Speakers: Paula Fenger (University of Connecticut/Harvard University)
Title: Words within words: The internal syntax of verbs
Time: Monday, March 4th, 5-6:30 pm
Location: 32-D831
Abstract: Superficially, languages differ in how grammatical categories like tense and aspect are expressed on the verb; e.g. in English, both [progressive] and [past] cannot be suffixes on the verb (*stay-ing-ed) and require a periphrastic realization (was stay-ing), whereas in Turkish both [progressive] and [past] appear as agglutinating suffixes on the verb (kal-ıy’or-dı, stay–prog-past). Moreover, a language like Turkish is not uniformly agglutinating and can have periphrastic constructions in other environments, which makes it seem like the existence of periphrasis is contextually defined within a language.
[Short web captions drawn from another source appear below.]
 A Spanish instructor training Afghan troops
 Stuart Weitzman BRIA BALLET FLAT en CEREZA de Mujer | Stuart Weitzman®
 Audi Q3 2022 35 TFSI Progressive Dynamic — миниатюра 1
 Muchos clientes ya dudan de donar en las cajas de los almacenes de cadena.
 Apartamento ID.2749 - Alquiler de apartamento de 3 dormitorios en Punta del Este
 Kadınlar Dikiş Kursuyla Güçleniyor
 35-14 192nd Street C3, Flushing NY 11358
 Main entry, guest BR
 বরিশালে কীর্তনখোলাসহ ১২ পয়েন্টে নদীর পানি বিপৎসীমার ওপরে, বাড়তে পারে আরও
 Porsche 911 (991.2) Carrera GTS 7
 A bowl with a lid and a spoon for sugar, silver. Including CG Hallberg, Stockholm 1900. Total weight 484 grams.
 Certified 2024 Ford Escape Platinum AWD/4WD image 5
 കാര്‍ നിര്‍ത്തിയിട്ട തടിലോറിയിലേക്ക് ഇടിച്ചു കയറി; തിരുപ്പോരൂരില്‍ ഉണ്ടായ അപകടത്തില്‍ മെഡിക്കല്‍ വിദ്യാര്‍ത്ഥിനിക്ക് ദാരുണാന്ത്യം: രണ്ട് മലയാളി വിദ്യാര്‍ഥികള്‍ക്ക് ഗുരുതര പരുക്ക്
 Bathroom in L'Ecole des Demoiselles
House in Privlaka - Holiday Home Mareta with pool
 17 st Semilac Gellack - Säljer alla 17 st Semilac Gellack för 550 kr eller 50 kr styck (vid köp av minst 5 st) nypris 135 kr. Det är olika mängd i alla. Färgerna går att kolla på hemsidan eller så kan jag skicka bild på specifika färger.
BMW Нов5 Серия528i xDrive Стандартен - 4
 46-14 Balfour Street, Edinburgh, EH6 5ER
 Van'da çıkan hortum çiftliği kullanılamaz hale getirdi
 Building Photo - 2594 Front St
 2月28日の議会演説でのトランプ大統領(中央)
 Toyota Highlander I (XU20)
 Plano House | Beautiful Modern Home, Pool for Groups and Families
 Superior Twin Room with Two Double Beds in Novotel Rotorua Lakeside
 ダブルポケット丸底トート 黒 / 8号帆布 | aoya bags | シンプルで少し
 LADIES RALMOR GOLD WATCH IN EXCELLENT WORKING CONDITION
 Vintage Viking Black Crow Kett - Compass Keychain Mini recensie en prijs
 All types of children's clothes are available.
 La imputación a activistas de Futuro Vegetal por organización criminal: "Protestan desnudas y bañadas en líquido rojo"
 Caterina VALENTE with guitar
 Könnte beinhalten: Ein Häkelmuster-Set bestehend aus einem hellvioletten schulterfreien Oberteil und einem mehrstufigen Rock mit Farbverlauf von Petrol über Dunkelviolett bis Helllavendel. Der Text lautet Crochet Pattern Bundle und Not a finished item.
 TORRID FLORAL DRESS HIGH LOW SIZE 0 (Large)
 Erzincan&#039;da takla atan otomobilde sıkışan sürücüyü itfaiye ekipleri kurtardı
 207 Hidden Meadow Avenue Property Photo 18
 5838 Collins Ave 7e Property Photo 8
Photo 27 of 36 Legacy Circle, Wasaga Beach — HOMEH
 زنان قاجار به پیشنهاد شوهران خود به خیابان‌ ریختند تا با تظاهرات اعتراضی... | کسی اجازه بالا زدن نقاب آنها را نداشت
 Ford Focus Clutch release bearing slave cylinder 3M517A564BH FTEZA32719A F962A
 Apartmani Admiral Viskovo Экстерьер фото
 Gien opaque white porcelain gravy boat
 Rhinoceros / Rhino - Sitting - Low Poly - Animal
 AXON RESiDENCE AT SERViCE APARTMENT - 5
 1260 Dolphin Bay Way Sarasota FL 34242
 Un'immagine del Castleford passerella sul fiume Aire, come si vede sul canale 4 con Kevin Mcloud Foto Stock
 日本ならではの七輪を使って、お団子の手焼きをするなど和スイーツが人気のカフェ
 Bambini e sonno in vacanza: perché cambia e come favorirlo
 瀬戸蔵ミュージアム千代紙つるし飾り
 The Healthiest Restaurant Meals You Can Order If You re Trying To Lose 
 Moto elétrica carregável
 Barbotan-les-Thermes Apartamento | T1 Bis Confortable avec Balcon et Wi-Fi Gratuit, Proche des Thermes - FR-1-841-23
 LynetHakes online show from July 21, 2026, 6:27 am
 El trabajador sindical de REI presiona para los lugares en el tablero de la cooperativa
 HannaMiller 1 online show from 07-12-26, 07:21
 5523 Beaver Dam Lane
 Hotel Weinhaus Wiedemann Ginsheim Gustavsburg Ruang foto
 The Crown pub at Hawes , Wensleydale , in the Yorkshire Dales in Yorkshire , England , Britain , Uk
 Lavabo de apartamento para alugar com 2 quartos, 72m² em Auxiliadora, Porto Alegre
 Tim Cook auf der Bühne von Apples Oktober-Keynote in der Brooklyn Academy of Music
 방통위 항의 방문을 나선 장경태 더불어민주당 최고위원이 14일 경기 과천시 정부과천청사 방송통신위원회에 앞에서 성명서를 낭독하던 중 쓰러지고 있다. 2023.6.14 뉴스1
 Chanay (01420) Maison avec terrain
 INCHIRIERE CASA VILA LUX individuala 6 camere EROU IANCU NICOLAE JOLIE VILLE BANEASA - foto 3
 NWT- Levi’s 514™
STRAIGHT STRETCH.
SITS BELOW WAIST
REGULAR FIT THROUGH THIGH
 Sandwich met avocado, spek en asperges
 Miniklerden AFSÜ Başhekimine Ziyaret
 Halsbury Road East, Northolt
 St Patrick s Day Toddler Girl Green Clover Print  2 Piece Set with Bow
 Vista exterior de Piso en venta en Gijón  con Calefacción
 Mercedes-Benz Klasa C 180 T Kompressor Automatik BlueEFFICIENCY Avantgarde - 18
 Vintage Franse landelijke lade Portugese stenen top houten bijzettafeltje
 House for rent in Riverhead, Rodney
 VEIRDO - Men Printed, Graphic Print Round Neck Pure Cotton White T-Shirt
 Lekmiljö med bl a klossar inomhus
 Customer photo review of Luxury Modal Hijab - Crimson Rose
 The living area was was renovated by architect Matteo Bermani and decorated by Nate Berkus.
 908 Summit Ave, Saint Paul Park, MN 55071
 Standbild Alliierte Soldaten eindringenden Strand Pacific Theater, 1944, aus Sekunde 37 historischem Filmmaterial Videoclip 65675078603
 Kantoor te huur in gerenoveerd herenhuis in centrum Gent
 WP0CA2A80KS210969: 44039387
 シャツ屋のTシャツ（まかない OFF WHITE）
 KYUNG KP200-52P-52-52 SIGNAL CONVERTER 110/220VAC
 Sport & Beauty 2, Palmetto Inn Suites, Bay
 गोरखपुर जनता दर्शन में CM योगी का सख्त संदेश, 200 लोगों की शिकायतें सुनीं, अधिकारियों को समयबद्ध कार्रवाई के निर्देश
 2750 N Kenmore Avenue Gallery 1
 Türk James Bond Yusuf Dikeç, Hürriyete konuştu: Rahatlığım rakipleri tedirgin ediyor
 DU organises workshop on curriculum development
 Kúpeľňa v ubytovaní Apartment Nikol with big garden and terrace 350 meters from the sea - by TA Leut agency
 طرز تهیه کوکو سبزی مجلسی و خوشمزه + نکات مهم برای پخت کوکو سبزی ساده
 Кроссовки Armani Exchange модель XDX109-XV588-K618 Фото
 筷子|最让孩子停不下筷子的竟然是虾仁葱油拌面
In this talk I explore the idea that Turkish-type languages and English-type languages are underlyingly the same. By looking at stress assignment patterns and behavior under coordination, it is revealed that the agglutinative pattern is only superficial. That is, syntax-phonology mismatches in Turkish in fact reveal a domain inside the verb and this domain is similar to the domain found for the periphrastic construction in English. Specifically, the syntactic operation that creates words (main verbs and auxiliaries) is uniform in both types of languages, the differences between them arise only at PF. This approach does not treat notions like “agglutinating” and “periphrastic” as deep properties of grammar, but as superficial differences.